Orissa High Court
United India Insurance Co. Ltd. vs Ullash Chandra Jena And Anr. on 7 January, 1992
Equivalent citations: I(1993)ACC473, 1992ACJ1041, AIR1992ORI193, AIR 1992 ORISSA 193, (1993) 1 ACC 473, (1992) 2 ACJ 1041, (1993) 78 COMCAS 529
JUDGMENT S.C. Mohapatra, J.
1. This is an appeal by the insurer under Section 110-D of the Motor Vehicles Act, 1939 (hereinafter referred to as the Act) read with Section 173 of Motor Vehicles Act, 1988.
2. On 10-11-1986 in the morning at about 6.45 A.M. while claimant was moving in his cycle from Khapuria (Government Press side) towards the bus-stand side at Badmabari, ORP 82 a truck came from behind and dashed against him as a result of which he sustained injuries. On 10-2-87, he filed application u/ Section 110-A of the Act claiming compensation of Rs. 1,50,000/-claim petition was amended on 2-7-1988 reducing it to Rs. 1,45,000/- on which day the claim was agreed to be settled at Rs. 1,45,000/- on compromise in the ensuing Lok Adalat as a reconciliation attempt. Three days after on 6-7-88 insurer filed an application to avoid the agreement. Prayer was allowed and case was posted for hearing. During continuance of hearing, claimant filed an application on 10-8-90 for amendment of claim amount enhancing the same to two lakhs Rupees. The same was allowed.

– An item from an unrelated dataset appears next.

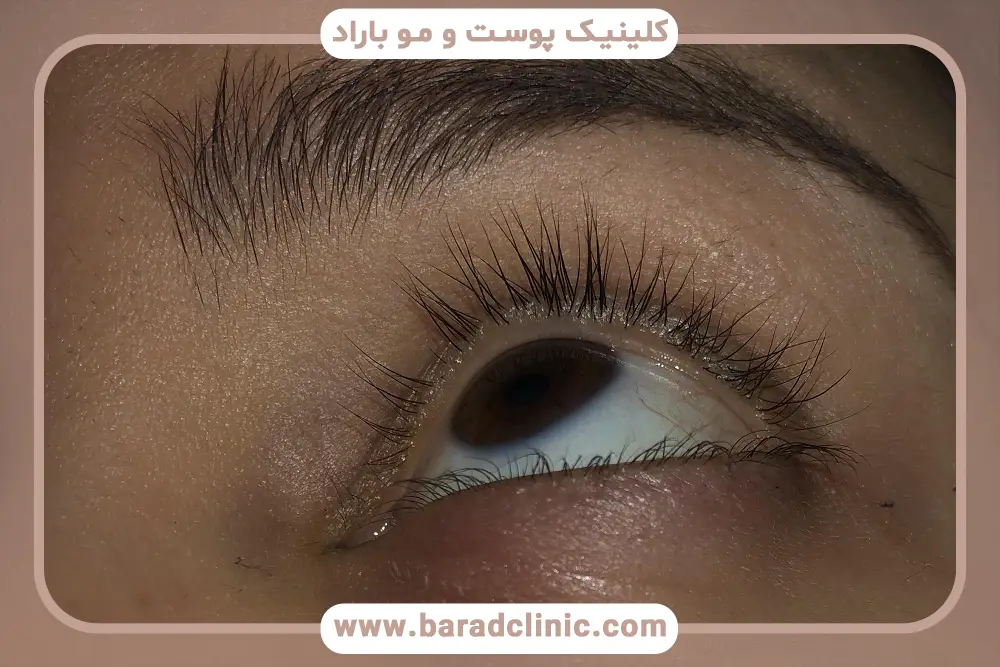 درمان ریزش مژه بعد از بلفاروپلاستی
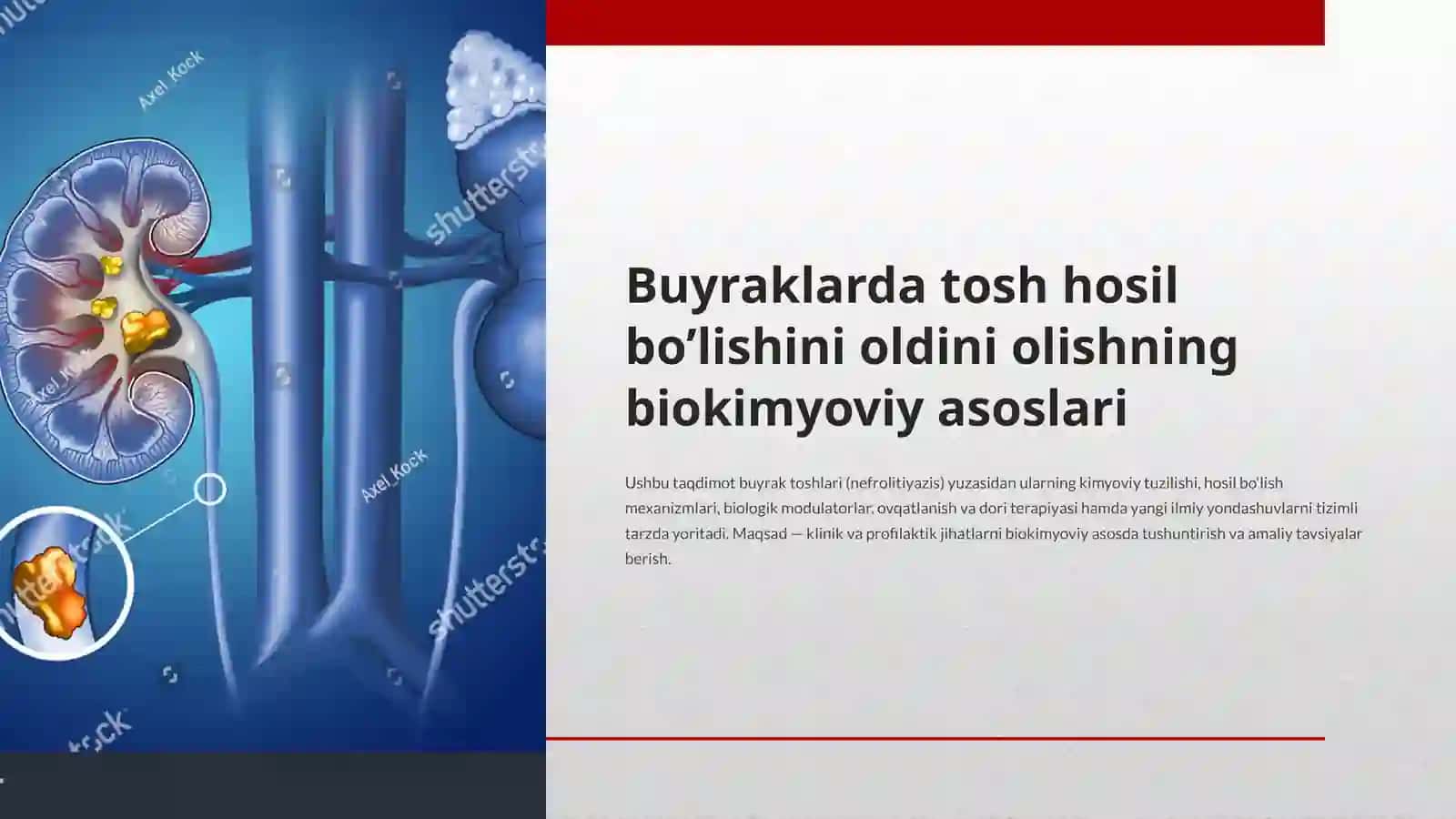 Buyraklarda tosh hosil bo’lishini oldini olishning biokimyoviy asoslari. 2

3. Owner remained ex parte originally. Insurer filed a written statement denying its liability and called upon the claimant to prove that there was accident in which he sustained injuries and there was valid insurance of the vehicle. After amendment of claim petition, it filed additional written statement on 20-8-90 stating that accident said to have occurred at 6.45 A.M. was much before the proposal was given for insurance at 9 P.M. in which wrongly it was stated by proposer that vehicle was in perfect condition. Proposer gave an undertaking that facts are true, thus, deliberately suppressed the fact of accident. On that basis covernote was issued.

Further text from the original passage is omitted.